Blogger So Dear's Griffin Kurzius explores the rivalry between Spain's two biggest cities, Barcelona and Madrid. The piece dissects the political tensions between the cities and how it boils over onto the soccer pitch.

Hola BSD Readers,

First off, it’s been too long. For the past six weeks I have embarked in my semester abroad in Barcelona. The last time I was in the USA, the Demon Deacons were undefeated.

Wake Forest is, and always will be a home to me. So studying in Barcelona was a major adjustment. It is a small, densely-populated city on the water with tremendous beaches and nightlife (sorry Last Resort). This contrasts to the sprawling suburbia of Winston. Meanwhile, I live near the cultural center of the city, a far cry from the "Wake Forest Bubble."

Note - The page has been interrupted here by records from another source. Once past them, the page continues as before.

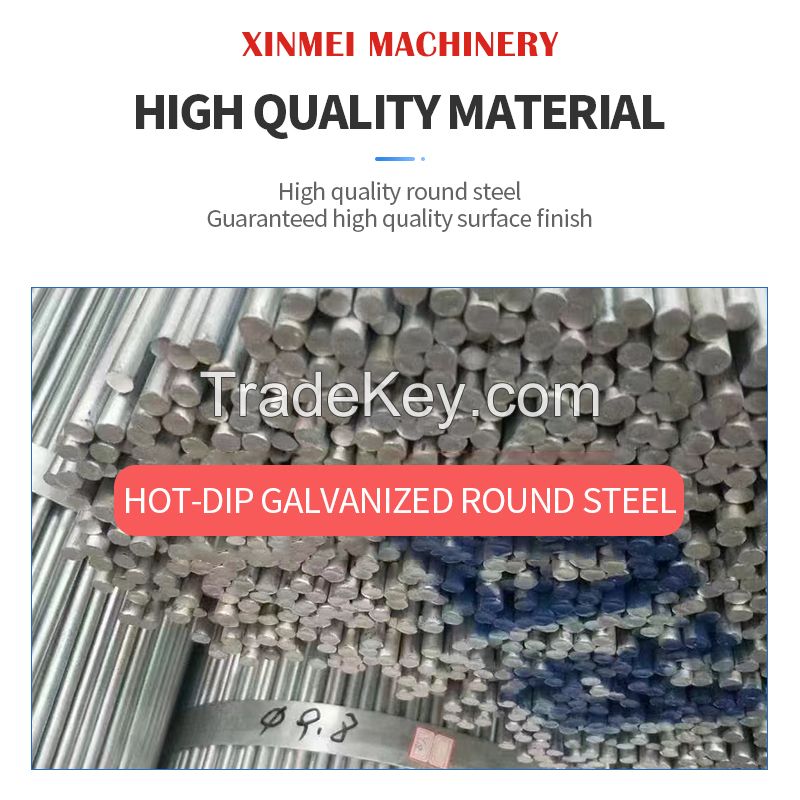 Raw materials: round steel deformed steel can be customized for brackets, on-site foundations, bolts, steel shafts, guardrails, etc. Welcome to consult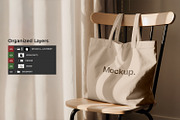 Canvas Tote Bag Mockup, a Product Mockup by RamStudio2 (Thumbnail 5 of 8)
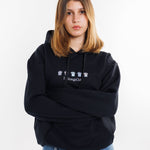 Sudadera Equipaciones Históricas Txuriurdines - Negro - Pachanga Club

But I currently miss the comforts of late night Cookout and early morning Bojangles. I digress, I have even grown to miss The Pit on occasion. And of course, the Deacs!

That being said, I have loved and embraced every moment of my journeys thus far. It has already gone so fast that I haven’t had time to sit down, relax and jot my thoughts down. My next piece will be sooner… and not as long.

I just felt it was necessary to tell this story unabridged.



Madrid and Barcelona: The Most Passionate Rivalry

Growing up in the suburbs of New York City, I was always engaged in sports rivalries. I was born wearing pinstripes. In seventh grade, my class had to write a paragraph on "the first law you would break if you would not be penalized." Instead of stealing a Lamborghini or robbing a bank, I wrote that I would urinate on Fenway Park.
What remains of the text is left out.